Year: 1935

Director: Victor Fleming

Starring: Jean Harlow, William Powell, Franchot Tone, Rosalind Russell

This film is a comedy/musical that oddly morphs into melodrama after an out-of-the-blue tragedy strikes. Ned Reilly (William Powell) is a lawyer with a fondness for gambling. He’s especially close to Granny (May Robson) and her granddaughter Mona Leslie (Jean Harlow). When the picture starts, it is up to old faithful Ned to bail out troublesome Mona from jail for an egregious traffic violation. He works his slick magic and gets Harlow’s character out on a technicality. It’s clear from the outset that while Ned may come on as a family friend, he is undoubtedly interested in Mona romantically. What really catapults this movie above other average fare is the wonderful banter between Ned and the two women. That’s where the picture really gets its heart.

Mona is a successful showgirl. She catches the eye of wealthy playboy Bob Harrison (Franchot Tone) and he simply must have her. Blind to Ned’s secret affections for her, Mona gets caught up in the idea of love and the allure of riches that Bob can bring to the table. The lovers elope immediately. Bob’s family is about as blue blood as rich people get and they are less than happy at the news. When he brings his new bride home to meet everyone not only are they unenthusiastic, but the Harrisons are boorish in their put downs and snobbish behavior toward our blonde. It turns out that Bob was expected to wed Jo Mercer (Rosalind Russell) who comes from a proper family. All the disapprovals build up resentment within Bob and when he finds out that Jo moved on and married someone else, he snaps.

Mona finds herself pregnant and in the midst of a scandal. She has trouble resuming her musical career. Desperate to help the woman he loves, Ned risks everything he has to produce her next show. When the platinum blonde comes on stage and starts to sing the first tune she is met by such a hostile audience that she is forced to stop singing and address their despicable behavior. Finished with her harangue, Harlow’s singer resumes the song and afterward the crowd responds with wild applause and cheering. Evidently her resiliency and determination won them over.
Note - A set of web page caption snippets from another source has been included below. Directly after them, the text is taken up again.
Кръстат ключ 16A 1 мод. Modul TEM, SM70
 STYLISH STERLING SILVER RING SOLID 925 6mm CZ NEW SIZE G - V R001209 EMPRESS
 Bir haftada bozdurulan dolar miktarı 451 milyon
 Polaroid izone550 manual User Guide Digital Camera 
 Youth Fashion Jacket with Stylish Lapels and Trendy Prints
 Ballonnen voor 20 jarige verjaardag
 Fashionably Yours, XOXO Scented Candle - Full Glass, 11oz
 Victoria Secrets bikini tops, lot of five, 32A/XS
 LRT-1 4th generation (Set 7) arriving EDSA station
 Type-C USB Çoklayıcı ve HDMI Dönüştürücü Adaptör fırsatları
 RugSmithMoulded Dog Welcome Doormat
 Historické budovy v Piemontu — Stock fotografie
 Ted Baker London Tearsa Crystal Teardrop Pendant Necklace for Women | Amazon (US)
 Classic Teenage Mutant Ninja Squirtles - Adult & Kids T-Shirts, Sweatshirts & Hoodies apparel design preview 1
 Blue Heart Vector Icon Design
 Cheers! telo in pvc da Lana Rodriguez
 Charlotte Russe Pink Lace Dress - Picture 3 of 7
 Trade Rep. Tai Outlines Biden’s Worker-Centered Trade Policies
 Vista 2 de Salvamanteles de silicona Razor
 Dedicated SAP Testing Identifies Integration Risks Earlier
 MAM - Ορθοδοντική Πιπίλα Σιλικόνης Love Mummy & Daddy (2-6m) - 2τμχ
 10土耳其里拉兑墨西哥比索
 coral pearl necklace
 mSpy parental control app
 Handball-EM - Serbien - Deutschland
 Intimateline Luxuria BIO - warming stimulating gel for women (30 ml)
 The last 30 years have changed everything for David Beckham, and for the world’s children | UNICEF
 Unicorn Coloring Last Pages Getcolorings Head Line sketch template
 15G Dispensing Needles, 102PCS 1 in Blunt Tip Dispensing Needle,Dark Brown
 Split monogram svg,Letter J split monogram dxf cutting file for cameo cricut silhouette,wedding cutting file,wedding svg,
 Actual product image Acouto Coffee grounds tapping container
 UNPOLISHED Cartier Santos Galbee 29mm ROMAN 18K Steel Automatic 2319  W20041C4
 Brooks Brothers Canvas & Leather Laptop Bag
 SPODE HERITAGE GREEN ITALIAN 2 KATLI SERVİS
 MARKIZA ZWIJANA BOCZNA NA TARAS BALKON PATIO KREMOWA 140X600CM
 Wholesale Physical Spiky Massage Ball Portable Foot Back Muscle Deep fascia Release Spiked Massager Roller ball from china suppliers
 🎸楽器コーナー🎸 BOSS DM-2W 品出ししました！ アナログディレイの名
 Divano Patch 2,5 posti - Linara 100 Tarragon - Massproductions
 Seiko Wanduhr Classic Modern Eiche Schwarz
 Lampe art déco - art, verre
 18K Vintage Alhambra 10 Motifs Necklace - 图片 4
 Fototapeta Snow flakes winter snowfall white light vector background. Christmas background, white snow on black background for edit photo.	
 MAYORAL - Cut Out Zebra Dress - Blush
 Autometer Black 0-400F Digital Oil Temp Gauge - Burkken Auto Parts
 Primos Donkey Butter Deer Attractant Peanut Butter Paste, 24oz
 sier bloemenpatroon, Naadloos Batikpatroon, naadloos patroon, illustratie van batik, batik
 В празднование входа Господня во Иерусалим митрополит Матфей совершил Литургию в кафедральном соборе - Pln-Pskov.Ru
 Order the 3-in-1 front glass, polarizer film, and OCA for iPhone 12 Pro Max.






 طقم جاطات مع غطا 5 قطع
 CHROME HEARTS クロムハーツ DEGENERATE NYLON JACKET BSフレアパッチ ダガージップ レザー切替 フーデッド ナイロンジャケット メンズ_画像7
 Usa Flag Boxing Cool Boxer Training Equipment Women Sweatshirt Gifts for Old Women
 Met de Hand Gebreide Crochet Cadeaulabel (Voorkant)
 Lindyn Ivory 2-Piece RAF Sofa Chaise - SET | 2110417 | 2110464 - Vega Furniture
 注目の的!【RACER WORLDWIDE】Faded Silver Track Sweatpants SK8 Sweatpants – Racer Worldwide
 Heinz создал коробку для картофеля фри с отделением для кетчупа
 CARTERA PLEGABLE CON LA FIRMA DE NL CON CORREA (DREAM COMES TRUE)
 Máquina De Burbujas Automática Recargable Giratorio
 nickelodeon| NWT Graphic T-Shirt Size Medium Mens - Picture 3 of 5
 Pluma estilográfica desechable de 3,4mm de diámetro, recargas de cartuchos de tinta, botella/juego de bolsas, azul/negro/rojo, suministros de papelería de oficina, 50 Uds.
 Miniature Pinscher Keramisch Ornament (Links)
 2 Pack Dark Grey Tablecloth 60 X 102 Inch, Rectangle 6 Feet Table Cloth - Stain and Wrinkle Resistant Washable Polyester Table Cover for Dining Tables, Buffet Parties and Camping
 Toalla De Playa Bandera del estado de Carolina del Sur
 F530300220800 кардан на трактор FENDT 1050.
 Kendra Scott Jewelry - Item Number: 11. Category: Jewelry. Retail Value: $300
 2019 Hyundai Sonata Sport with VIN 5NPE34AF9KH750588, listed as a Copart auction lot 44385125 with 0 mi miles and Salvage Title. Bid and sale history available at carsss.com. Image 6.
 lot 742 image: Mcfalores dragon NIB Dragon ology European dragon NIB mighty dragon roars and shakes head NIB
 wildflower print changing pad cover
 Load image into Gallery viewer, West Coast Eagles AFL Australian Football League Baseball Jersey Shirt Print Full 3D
The last sentimental shot between Powell and Harlow will not work for everyone but it got to me. As for the other performances, we get a brief couple of moments from Mickey Rooney as he plays a kid running a lemonade stand. Russell shines in kind of a thankless part of the dumped ex-love. Robson’s Granny is really fun to watch as she is quite a spitfire. Reckless shifts too much in tone to be considered a great movie. But the witty repartee between Harlow and Powell carries the day.